Proceedings of The Physiological Society

Europhysiology 2018 (London, UK) (2018) Proc Physiol Soc 41, C112

Oral Communications

Drowning and asphyxia in the time of Edmund Goodwyn

J. L. Vega1,2

1. Neurosciences and Stroke, Novant Health, Forsyth Medical Center, Winston Salem, North Carolina, United States. 2. Urgencias Neurologicas, TeleNeurologia SAS, Medellin, Colombia.

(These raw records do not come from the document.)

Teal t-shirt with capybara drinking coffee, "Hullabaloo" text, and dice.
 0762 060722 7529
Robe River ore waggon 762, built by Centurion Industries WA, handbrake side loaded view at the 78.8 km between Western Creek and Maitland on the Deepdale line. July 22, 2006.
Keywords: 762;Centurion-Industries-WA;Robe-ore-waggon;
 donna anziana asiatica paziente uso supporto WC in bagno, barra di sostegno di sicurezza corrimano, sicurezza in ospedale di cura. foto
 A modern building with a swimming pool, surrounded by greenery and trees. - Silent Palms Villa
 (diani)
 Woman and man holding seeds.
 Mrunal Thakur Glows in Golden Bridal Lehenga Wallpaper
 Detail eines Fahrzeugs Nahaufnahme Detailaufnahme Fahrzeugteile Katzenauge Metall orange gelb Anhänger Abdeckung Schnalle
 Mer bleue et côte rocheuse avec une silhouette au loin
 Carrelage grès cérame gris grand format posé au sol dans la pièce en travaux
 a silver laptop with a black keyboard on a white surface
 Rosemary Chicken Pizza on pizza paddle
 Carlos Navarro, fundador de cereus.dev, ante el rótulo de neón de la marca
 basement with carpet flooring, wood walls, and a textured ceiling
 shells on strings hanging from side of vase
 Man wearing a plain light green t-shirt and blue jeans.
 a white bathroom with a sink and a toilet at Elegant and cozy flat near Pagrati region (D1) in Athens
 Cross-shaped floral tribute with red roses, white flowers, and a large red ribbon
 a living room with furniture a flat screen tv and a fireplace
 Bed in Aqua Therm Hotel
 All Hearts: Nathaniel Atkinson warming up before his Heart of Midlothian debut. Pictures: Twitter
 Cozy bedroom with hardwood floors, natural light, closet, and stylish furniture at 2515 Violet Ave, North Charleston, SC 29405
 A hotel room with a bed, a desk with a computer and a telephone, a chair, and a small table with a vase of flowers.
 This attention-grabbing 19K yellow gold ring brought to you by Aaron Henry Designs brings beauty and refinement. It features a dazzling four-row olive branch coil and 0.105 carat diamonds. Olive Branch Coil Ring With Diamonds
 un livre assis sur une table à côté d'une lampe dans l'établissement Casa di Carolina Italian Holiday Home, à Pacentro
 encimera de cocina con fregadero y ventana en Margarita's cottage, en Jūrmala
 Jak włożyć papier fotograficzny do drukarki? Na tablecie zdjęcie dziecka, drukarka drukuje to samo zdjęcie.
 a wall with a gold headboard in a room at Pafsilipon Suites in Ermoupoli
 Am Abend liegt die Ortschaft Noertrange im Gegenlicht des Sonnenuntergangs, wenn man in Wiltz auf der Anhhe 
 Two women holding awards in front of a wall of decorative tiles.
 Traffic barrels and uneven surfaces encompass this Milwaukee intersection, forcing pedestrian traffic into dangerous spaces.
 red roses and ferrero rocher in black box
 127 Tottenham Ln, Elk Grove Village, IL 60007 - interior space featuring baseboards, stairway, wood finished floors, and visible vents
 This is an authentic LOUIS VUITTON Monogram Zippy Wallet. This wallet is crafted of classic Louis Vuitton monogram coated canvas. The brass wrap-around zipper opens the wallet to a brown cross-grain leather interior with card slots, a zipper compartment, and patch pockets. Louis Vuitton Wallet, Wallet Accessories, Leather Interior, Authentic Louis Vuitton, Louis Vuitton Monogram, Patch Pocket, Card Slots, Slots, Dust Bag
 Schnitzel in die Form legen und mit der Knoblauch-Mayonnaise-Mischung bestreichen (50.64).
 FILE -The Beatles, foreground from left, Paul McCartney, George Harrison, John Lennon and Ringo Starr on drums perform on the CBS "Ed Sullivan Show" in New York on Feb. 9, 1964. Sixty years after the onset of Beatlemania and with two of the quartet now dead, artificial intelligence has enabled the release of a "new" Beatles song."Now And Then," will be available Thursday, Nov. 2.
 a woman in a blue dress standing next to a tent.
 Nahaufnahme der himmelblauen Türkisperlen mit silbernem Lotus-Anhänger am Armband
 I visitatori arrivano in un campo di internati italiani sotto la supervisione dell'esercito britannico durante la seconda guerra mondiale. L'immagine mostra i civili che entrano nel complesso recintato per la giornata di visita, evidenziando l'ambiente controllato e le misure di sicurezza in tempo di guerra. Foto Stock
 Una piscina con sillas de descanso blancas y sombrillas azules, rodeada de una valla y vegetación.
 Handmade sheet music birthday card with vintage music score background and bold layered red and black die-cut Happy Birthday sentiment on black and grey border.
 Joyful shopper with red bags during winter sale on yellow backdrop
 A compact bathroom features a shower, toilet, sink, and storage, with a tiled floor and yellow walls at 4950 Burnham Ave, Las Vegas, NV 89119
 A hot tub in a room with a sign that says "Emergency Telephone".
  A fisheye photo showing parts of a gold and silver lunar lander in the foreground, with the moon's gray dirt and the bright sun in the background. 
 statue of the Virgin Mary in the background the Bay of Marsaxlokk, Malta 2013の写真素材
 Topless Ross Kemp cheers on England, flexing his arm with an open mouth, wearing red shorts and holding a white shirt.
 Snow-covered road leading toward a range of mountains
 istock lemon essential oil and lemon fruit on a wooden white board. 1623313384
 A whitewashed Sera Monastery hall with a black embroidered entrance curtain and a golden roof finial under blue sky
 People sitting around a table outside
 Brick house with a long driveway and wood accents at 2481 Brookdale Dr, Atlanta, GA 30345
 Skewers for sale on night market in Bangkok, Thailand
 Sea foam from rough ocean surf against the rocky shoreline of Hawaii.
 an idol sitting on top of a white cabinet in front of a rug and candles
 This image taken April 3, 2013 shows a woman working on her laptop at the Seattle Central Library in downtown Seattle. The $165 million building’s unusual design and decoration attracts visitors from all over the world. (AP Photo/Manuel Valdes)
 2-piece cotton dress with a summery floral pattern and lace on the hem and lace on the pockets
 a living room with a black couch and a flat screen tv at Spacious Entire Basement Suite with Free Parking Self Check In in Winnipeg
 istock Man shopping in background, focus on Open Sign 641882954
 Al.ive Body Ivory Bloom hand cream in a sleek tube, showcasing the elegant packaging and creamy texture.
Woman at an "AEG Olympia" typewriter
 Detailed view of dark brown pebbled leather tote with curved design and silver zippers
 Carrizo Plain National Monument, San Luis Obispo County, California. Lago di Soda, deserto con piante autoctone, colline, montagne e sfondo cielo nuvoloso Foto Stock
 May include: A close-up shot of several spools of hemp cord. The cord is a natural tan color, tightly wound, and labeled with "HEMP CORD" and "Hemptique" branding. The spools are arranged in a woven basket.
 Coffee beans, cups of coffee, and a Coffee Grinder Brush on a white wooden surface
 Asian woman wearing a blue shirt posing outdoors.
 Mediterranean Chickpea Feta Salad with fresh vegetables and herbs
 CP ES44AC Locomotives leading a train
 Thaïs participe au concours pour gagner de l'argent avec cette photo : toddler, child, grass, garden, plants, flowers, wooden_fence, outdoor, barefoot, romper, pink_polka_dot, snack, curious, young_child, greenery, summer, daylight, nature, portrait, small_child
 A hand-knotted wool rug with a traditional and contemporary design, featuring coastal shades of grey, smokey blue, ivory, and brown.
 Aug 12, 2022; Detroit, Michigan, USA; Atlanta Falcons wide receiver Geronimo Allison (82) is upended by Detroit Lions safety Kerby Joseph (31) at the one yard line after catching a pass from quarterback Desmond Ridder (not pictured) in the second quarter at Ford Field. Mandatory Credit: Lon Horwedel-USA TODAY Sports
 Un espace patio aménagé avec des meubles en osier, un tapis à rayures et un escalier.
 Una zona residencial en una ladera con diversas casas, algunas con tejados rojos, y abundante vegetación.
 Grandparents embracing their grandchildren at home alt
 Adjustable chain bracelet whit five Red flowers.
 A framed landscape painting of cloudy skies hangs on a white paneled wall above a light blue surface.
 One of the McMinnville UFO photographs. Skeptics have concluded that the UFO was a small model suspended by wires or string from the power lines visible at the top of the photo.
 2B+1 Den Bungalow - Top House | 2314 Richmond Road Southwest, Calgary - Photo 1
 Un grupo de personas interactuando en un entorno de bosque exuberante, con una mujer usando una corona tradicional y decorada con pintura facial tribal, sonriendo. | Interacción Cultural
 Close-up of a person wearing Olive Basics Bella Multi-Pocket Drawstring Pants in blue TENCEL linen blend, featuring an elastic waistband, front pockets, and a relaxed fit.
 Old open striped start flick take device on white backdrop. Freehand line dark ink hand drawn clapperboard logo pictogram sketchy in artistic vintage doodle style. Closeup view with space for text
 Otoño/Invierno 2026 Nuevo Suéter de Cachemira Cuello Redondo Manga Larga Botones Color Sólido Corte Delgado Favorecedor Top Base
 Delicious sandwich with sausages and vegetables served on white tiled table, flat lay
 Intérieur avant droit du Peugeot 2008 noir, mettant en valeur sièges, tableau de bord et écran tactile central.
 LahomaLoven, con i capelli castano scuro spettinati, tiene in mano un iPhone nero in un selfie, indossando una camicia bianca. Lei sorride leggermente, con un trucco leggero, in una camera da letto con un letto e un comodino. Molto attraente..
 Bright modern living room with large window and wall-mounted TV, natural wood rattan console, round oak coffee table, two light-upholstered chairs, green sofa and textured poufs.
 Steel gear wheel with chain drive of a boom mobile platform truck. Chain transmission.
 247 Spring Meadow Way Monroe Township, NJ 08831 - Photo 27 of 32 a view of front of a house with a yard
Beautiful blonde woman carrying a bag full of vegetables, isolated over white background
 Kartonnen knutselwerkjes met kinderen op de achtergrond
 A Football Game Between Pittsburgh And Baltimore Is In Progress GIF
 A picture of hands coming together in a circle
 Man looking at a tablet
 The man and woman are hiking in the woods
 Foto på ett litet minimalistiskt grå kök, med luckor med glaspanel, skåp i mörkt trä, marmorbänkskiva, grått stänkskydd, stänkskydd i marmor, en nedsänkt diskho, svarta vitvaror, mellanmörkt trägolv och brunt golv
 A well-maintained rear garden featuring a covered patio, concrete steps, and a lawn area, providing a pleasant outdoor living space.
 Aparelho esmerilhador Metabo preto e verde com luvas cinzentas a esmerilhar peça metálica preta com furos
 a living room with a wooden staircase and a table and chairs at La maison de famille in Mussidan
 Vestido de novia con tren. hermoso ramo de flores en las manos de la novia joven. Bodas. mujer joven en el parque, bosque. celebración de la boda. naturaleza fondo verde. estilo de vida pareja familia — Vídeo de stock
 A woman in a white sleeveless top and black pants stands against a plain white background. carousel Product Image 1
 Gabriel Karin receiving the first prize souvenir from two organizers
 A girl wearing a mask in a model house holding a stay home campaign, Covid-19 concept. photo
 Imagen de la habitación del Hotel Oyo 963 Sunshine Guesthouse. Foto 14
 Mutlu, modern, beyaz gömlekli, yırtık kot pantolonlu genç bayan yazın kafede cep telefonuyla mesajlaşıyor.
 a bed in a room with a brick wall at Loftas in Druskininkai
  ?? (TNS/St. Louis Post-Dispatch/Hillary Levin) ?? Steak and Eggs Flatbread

This paper addresses the visionary work of a virtually unknown English medical student by the name of Edmund Goodwyn (1756-1829), whose graduation thesis (1) represents one of the most progressive scientific contributions of his time. While miscellaneous aspects of his remarkable monograph, titled The Connexion of Life with Respiration, have been occasionaly mentioned in a few history books and other medical publications, the unusually lucid and innovative nature of his work has yet to be recognized. Goodwyn's thesis contains several important discoveries: the first experimental demonstration that drowning is caused by the exclusion of atmospheric air from the lungs; the mechanism by which artificial ventilation treats asphyxia; and the first description of an oxygen-conserving reflex commonly known as diving bradycardia, which until recently had been attributed to Paul Bert (1833-1886). (2) It also holds one of the earliest (if not the earliest) experimentally-supported arguments that pulmonary circulation is continuous in all phases of respiration, and not intermittent, as it was widely believed at the time (3). In addition, Goodwyn's thesis includes one of the earliest repudiations of suspended animation, a mystical concept that confused physicians into the early part of the twentieth century, and which sparked an era in the history of medicine known as the "premature burial panic." (4) Thus, this paper intends to show the innovative nature of Goodwyn's thesis in its historical context, and to provide a first biographic glimpse of this remarkable physician.